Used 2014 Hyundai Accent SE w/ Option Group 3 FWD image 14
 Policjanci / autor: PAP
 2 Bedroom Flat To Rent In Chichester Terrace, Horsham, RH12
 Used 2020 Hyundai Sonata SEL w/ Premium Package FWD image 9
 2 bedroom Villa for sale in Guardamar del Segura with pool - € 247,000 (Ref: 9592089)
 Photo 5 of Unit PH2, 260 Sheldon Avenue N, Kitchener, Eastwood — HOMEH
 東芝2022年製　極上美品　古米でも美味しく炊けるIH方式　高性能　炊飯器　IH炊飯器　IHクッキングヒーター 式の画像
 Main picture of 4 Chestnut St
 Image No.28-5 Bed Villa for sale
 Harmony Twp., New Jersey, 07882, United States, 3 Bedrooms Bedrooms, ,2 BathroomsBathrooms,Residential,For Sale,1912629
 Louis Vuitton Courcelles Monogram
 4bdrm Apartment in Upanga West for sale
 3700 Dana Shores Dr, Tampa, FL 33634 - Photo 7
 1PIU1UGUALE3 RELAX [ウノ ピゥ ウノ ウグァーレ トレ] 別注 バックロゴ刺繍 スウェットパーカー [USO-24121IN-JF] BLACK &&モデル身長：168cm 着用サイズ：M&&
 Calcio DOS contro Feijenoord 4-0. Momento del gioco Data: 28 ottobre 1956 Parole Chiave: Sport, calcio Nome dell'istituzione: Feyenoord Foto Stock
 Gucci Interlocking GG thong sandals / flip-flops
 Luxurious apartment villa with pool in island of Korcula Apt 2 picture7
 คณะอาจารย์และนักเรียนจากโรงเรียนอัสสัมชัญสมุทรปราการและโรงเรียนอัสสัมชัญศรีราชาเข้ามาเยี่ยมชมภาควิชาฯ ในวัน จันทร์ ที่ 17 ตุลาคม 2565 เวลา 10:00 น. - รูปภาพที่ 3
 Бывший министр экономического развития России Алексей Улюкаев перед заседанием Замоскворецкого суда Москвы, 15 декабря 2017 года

##############################

Of the lines above, output exactly those from the line bearing "東芝2022年製　極上美品　古米でも美味" through the line bearing "- รูปภาพที่ 3", inclusive.

 東芝2022年製　極上美品　古米でも美味しく炊けるIH方式　高性能　炊飯器　IH炊飯器　IHクッキングヒーター 式の画像
 Main picture of 4 Chestnut St
 Image No.28-5 Bed Villa for sale
 Harmony Twp., New Jersey, 07882, United States, 3 Bedrooms Bedrooms, ,2 BathroomsBathrooms,Residential,For Sale,1912629
 Louis Vuitton Courcelles Monogram
 4bdrm Apartment in Upanga West for sale
 3700 Dana Shores Dr, Tampa, FL 33634 - Photo 7
 1PIU1UGUALE3 RELAX [ウノ ピゥ ウノ ウグァーレ トレ] 別注 バックロゴ刺繍 スウェットパーカー [USO-24121IN-JF] BLACK &&モデル身長：168cm 着用サイズ：M&&
 Calcio DOS contro Feijenoord 4-0. Momento del gioco Data: 28 ottobre 1956 Parole Chiave: Sport, calcio Nome dell'istituzione: Feyenoord Foto Stock
 Gucci Interlocking GG thong sandals / flip-flops
 Luxurious apartment villa with pool in island of Korcula Apt 2 picture7
 คณะอาจารย์และนักเรียนจากโรงเรียนอัสสัมชัญสมุทรปราการและโรงเรียนอัสสัมชัญศรีราชาเข้ามาเยี่ยมชมภาควิชาฯ ในวัน จันทร์ ที่ 17 ตุลาคม 2565 เวลา 10:00 น. - รูปภาพที่ 3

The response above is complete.